In short, it is time we grew up and looked after our own needs, instead of expecting others to do so, and rail at our impotence and futility when they fail. After all we, not any one else are best placed to determine what we wish to preserve and how we wish to do it. Let us face it – we are the only ones who have a vested interest in so doing. Perhaps Wales Street students would benefit from attending an after-hours Greek language school, where they would not only be exposed to more hours of language learning, (always of benefit), but also to an environment of peers of like heritage, a culture and a community that can be a standard of reference for them, a pole of inclusion ensuring that they will consider themselves a part of that community for the rest of their lives and will be able to relate to each other accordingly, and not as a disparate array of persons that have nothing in common with each other, save for a shared background. In such a school, traditions, customs and values that necessarily fall by the wayside in the context of mainstream language learning, are passed on not as an object of study but in their organic context, as elements that are lived and are relevant to everyday existence – thus ensuring our perpetuation as a ethno-linguistic group in this country.

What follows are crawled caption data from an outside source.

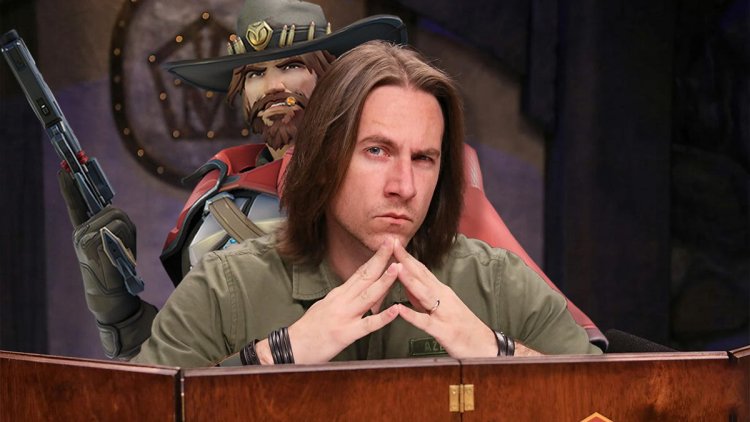 Aww, Overwatch 2’s DnD-Inspired Season Shouts Out Critical Role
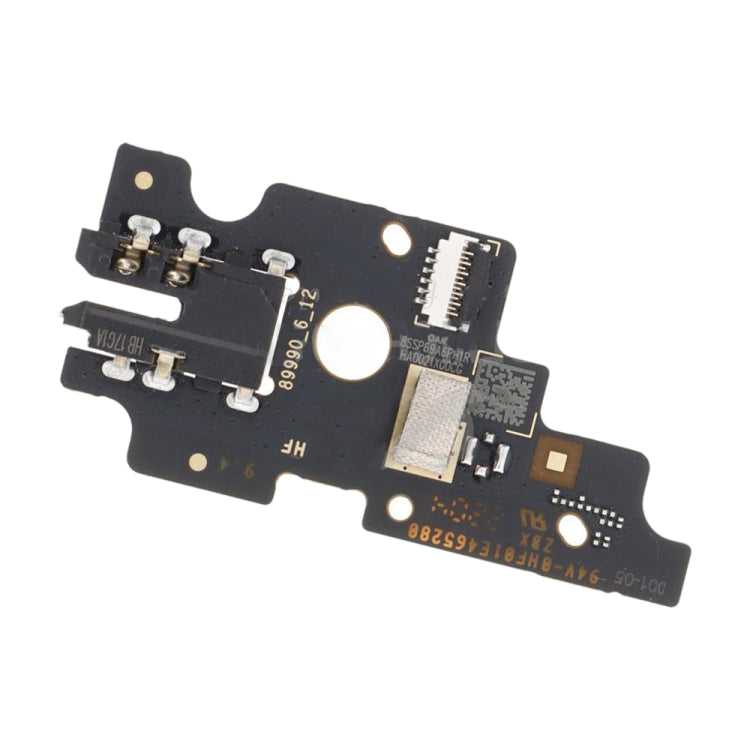 For Lenovo Tab M10 Plus 3rd Gen Audio Jack Board - Others by PMC TechLife | Online Shopping South Africa | PMC TechLife | Buy Now Pay Later Mobicred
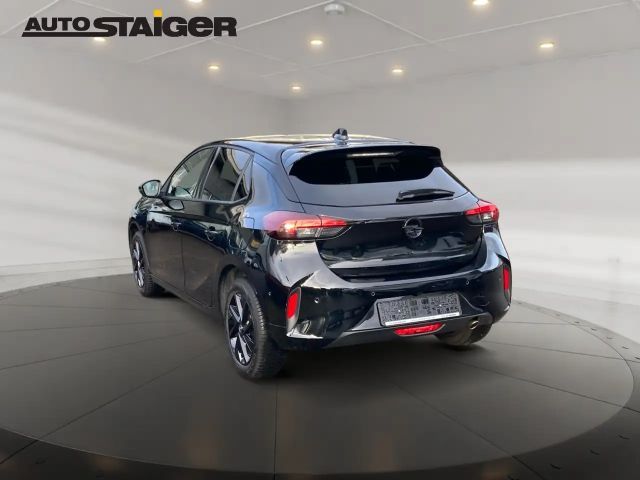 Opel Corsa 1.2 Turbo GS-Line Grand Sport Turbo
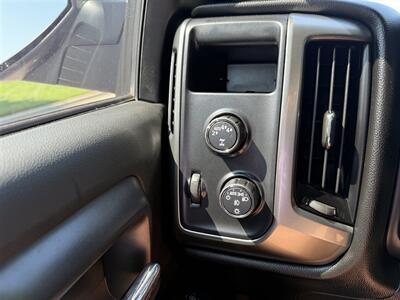 2018 Chevrolet Silverado 1500 LT   - Photo 22 - Bucyrus, KS 66013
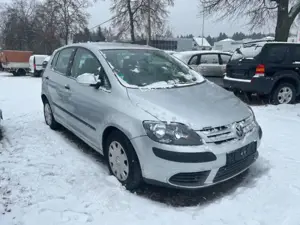 Volkswagen Golf Plus V Trendline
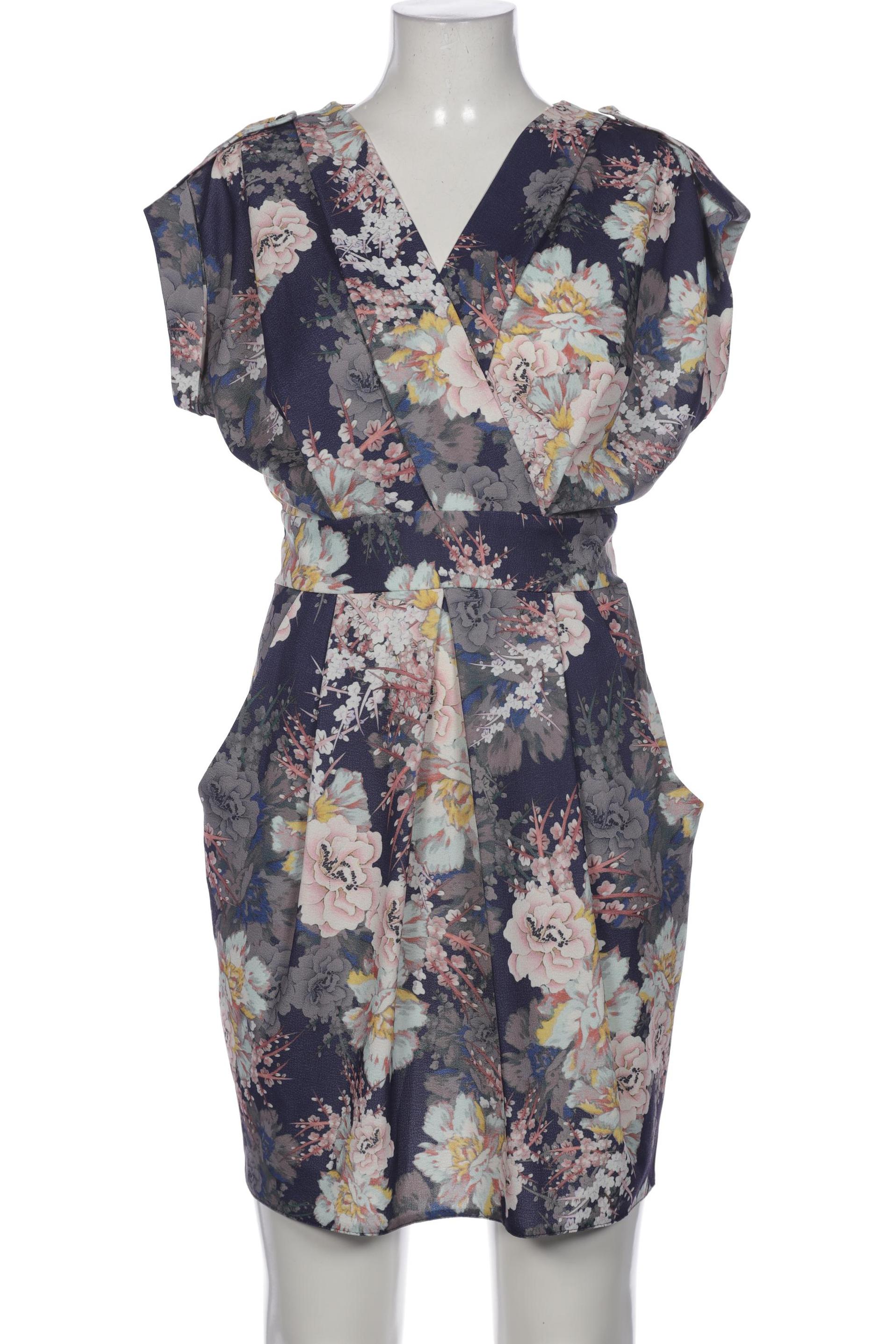 

Closet Damen Kleid, mehrfarbig, Gr. 14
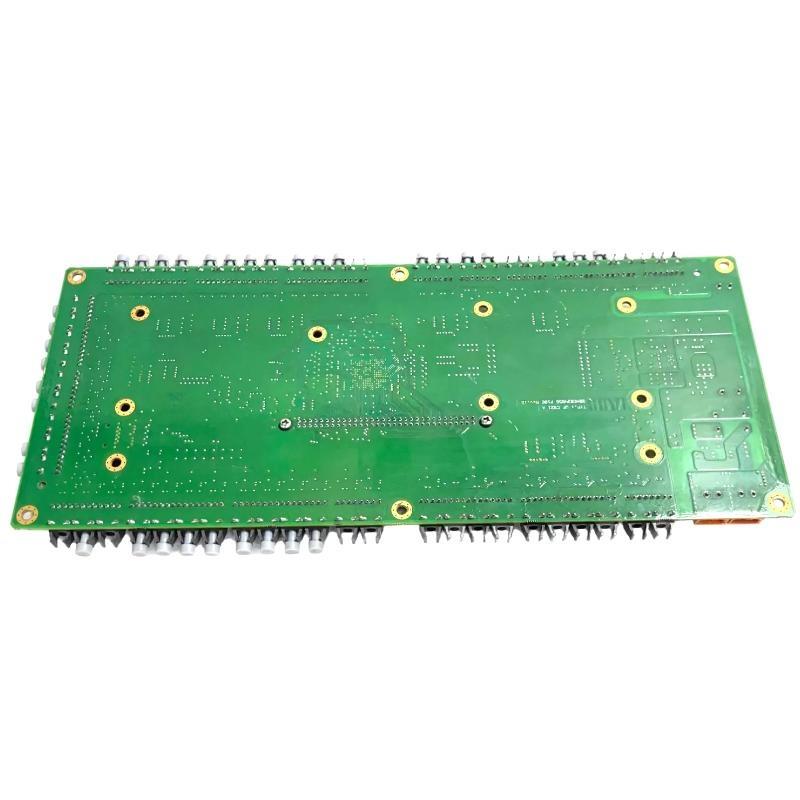 ABB UF C921 A101 3BHE024855R0101 INT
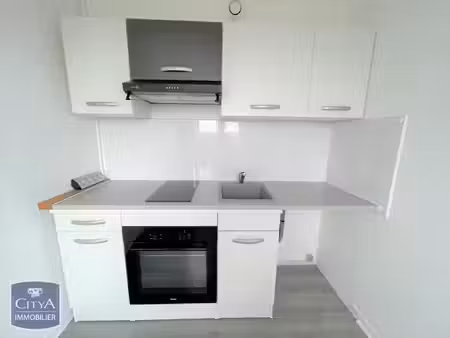 appartement à louer 1 pièce 31.81 m² - laon (02) - 431€
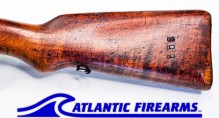 Yugo M24/47 Mauser C&R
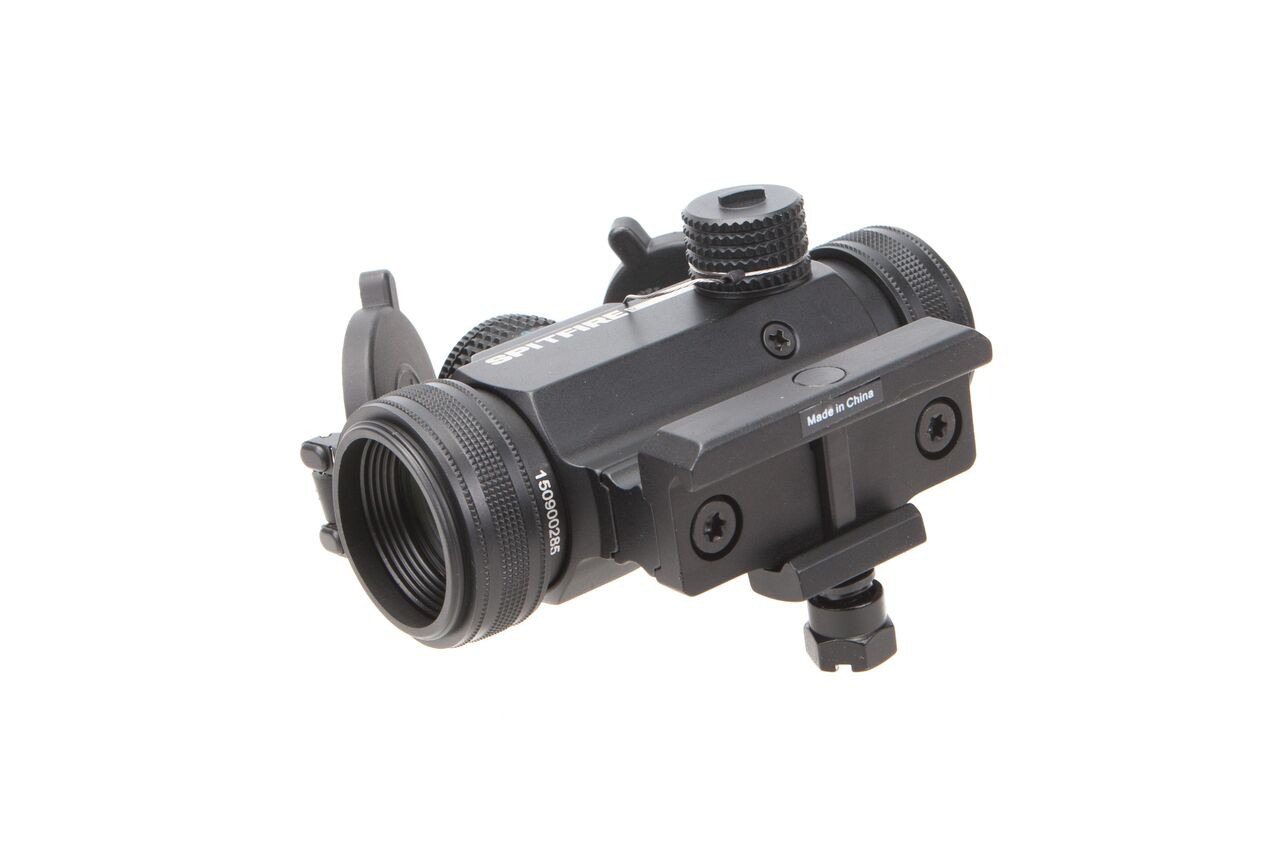 Vortex Spitfire 1x Prism Scope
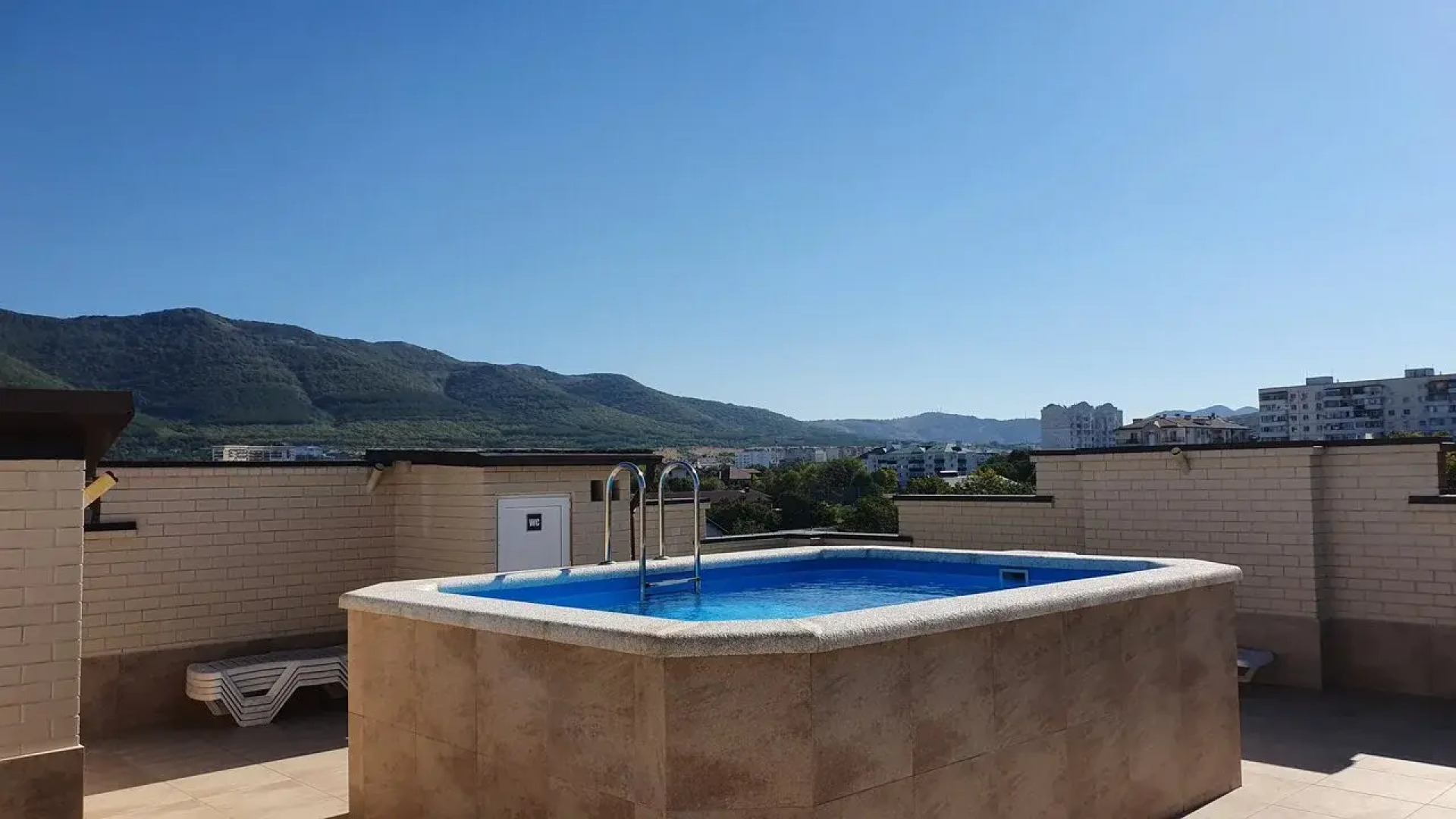 Гостевой дом Манополис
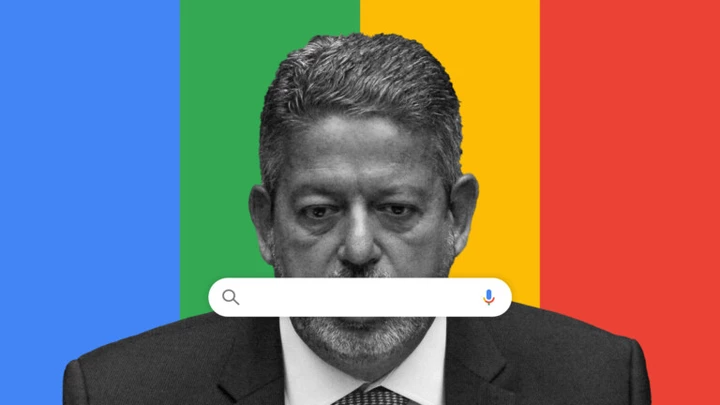 Ilustração: Intercept Brasil; Agência Brasil Ilustração: Intercept Brasil; Agência Brasil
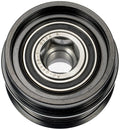 ALTERNATOR DECOUPLER PULLEY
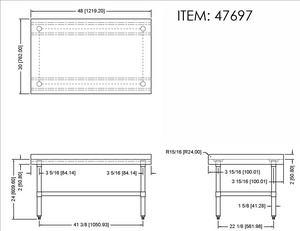 Technical Drawing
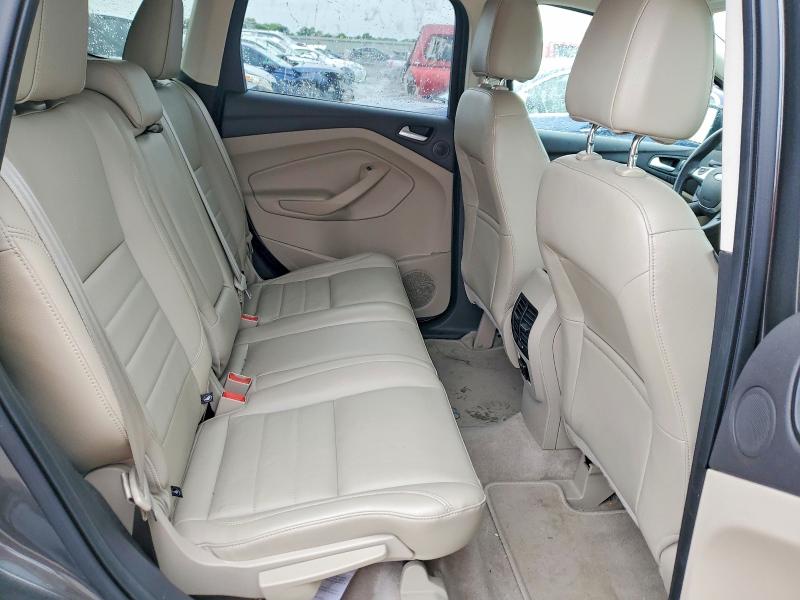 Продаж на аукціоні авто 2015 Ford Escape, vin: 1FMCU0J93FUC03962, номер лоту: 52488166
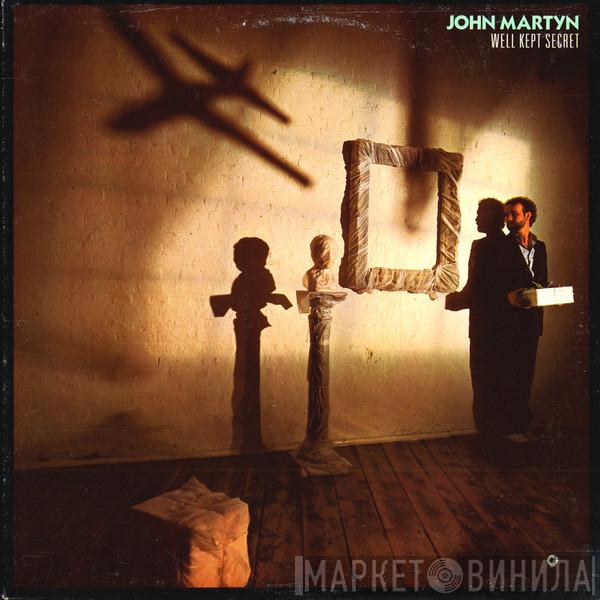 John Martyn - Well Kept Secret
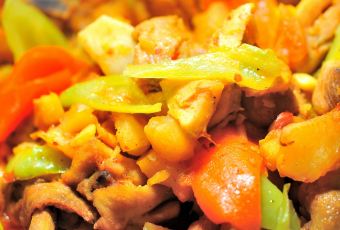 世茂希尔顿·盛宴自助餐厅(青年大街店) User Photo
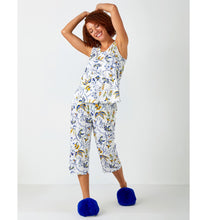 Load image into Gallery viewer, Yummy Capri Pant - Heirloom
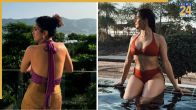 Sanya Malhotra Bold Photos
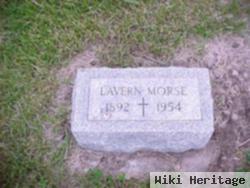 Lavern Morse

Events have undoubtedly proven that our community is in dire need of assistance in relation to Greek language learning. That assistance must come not in the form of injunctions as to how that learning can be effected but rather in the form of advice and technical support that will assist us in achieving the educational autonomy that is so vital, if our community is to survive as one that still speaks its mother tongue. The Greek consular official concerning himself with Greek education, Mr Haris Ladopoulos, open, friendly and incredibly committed, has during his time in Melbourne, made Herculean and multi-faceted efforts in this regard and it is hoped that if the Greek state is serious about backing Anna Diamantopoulou’s intention to promote Modern Greek in the diaspora, that the personnel charged with the task of doing so, share his skill, enthusiasm and dedication. We need all the help that we can get.
It is ludicrous that we should be in a position where primary school principals have the power to deem the teaching of our language disruptive compared with Italian and deny our younger members of our community the opportunity to learn their mother tongue. We do not need their interference, their rejection or their sanction in order to pass on our language. What we do need however, is a sense of responsibility and commitment to ensure that we remain in control of the means of our self-perpetuation. Our community’s future depends on it.